Exercise instructions – The word "forest" occurs in some of the lines below; copy each of those lines.
*** Opening of Supplied data ***
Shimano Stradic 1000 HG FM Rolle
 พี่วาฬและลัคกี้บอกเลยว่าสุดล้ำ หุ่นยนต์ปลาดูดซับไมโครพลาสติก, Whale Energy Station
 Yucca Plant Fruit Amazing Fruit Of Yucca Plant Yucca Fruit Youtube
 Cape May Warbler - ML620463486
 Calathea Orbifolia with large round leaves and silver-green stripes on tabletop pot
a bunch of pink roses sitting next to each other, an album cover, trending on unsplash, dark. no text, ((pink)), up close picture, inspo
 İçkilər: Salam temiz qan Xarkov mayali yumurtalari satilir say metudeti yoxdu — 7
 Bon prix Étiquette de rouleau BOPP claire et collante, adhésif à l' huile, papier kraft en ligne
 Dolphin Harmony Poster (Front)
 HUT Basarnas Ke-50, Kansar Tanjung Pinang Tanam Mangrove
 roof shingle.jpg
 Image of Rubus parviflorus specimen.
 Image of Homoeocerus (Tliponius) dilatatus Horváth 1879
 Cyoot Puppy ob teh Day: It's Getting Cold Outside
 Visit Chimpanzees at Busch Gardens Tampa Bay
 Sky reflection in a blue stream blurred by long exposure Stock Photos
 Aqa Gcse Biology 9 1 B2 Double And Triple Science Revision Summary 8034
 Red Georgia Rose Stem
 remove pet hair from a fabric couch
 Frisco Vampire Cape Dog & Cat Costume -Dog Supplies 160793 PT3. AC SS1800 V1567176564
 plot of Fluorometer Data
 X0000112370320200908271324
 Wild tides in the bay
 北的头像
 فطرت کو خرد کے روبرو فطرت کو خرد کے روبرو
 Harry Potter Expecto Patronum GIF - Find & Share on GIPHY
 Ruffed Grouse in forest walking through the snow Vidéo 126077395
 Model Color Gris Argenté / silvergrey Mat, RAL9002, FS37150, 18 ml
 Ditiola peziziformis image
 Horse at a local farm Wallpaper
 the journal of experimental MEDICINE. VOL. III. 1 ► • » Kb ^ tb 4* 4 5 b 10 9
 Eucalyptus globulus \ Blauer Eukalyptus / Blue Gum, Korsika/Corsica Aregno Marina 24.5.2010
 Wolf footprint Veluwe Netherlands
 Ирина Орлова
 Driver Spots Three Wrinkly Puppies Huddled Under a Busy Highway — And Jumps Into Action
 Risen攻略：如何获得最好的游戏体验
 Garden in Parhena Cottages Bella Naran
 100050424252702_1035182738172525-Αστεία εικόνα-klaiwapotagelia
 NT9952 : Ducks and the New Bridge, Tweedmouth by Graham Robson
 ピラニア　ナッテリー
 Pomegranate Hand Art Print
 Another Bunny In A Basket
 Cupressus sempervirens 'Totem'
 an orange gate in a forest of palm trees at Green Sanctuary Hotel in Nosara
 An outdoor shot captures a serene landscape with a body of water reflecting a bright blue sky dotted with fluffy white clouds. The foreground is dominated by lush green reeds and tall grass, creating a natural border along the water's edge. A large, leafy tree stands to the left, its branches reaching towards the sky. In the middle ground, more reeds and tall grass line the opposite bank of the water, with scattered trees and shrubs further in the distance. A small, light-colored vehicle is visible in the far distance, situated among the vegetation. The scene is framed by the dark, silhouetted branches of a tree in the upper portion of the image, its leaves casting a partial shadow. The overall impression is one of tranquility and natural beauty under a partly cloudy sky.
*** Close of Supplied data ***
Output for this exercise –
 Ruffed Grouse in forest walking through the snow Vidéo 126077395
 an orange gate in a forest of palm trees at Green Sanctuary Hotel in Nosara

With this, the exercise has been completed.